──────── SOURCE MATERIAL

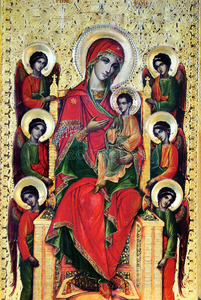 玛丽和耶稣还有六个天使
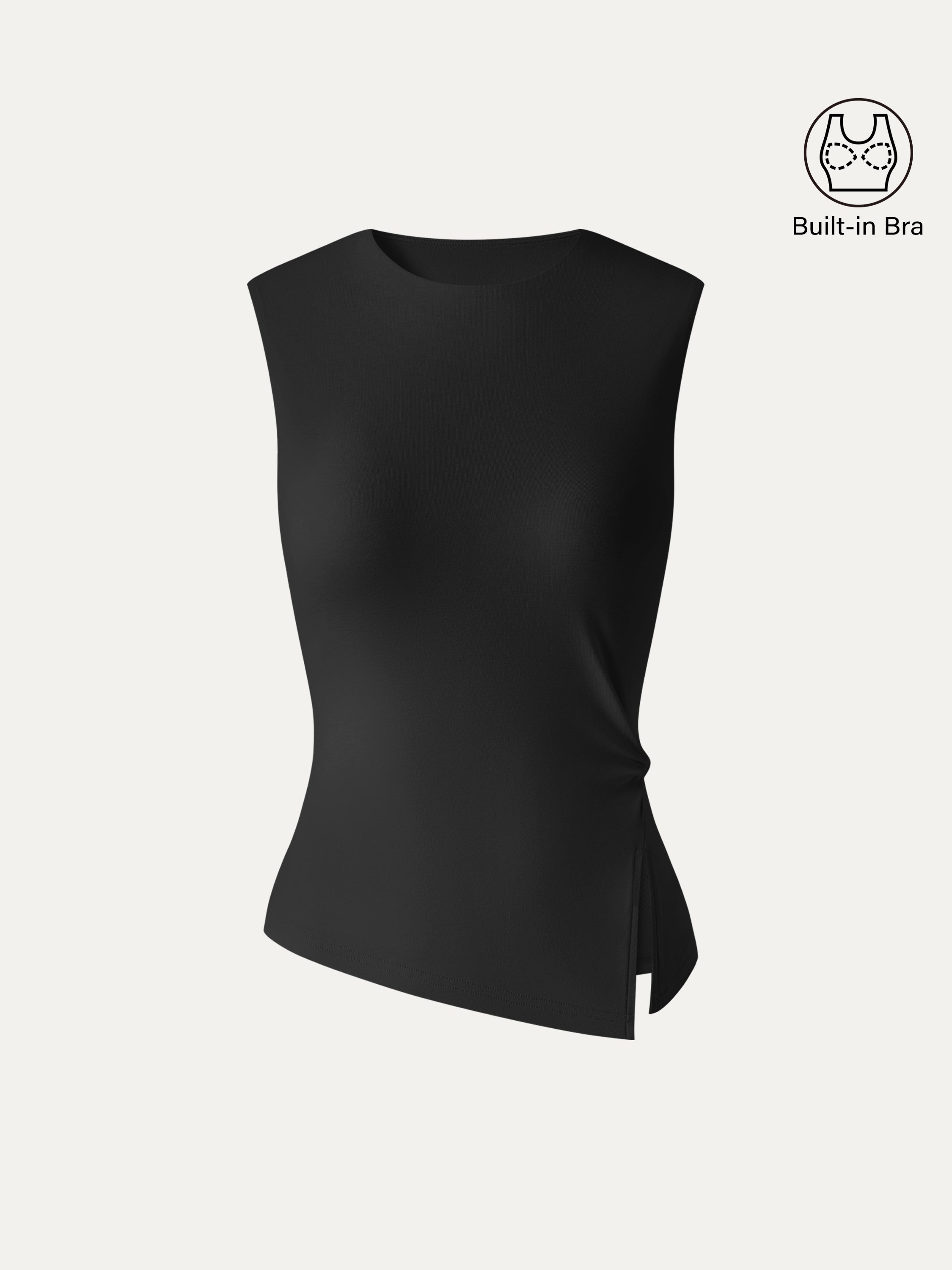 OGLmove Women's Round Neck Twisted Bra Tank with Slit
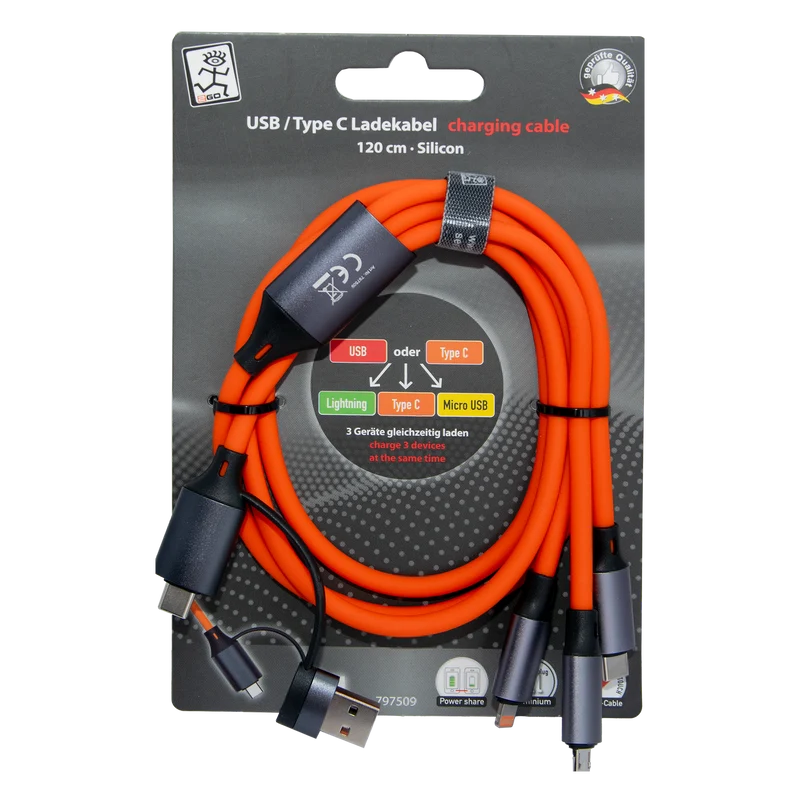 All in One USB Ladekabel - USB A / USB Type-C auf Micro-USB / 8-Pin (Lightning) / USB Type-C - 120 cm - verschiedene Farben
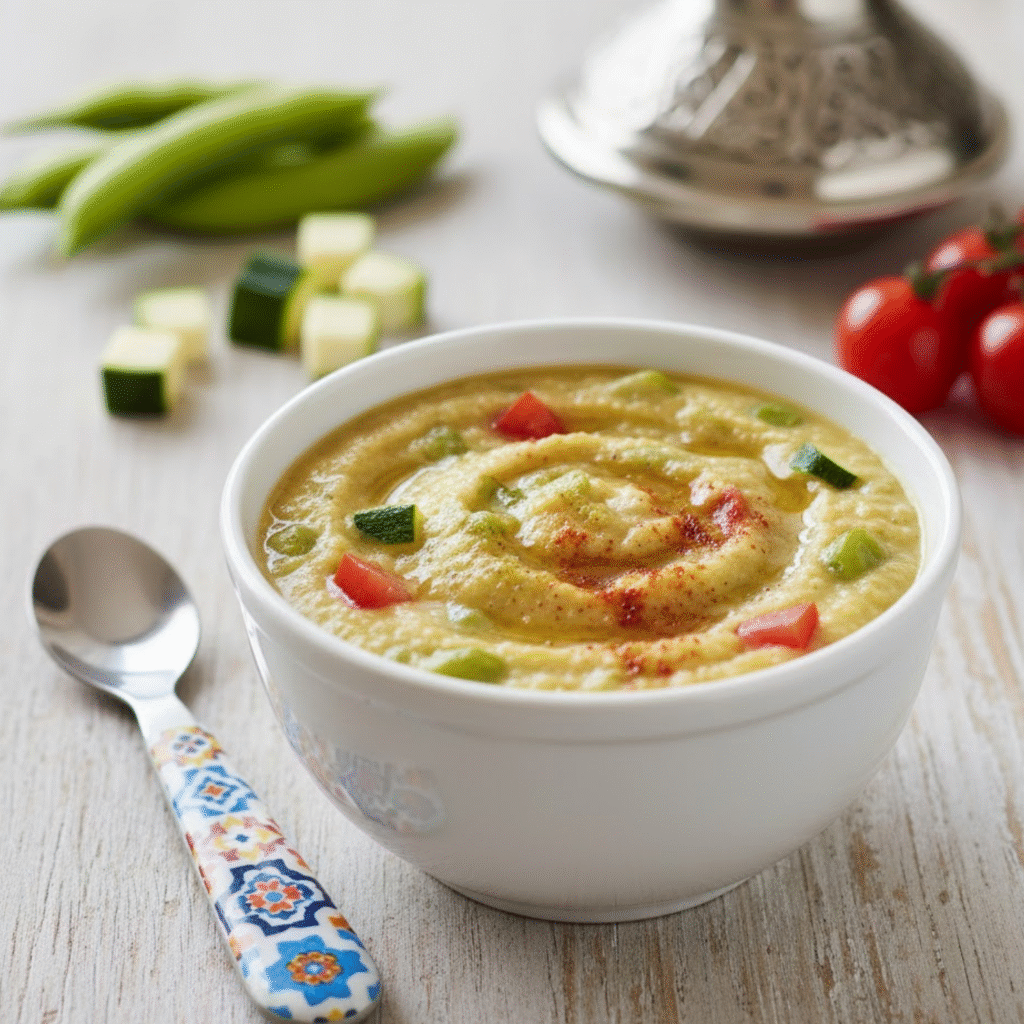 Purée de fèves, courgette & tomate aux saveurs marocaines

────────────────

▶ [YOUR ASSIGNMENT]: Beginning at the line that contains "OGLmove Women's Round" and ending at the last line of the data, return each line exactly; no picture belongs in the copy.

▶ [WRITTEN SOLUTION]:
 OGLmove Women's Round Neck Twisted Bra Tank with Slit
 All in One USB Ladekabel - USB A / USB Type-C auf Micro-USB / 8-Pin (Lightning) / USB Type-C - 120 cm - verschiedene Farben
 Purée de fèves, courgette & tomate aux saveurs marocaines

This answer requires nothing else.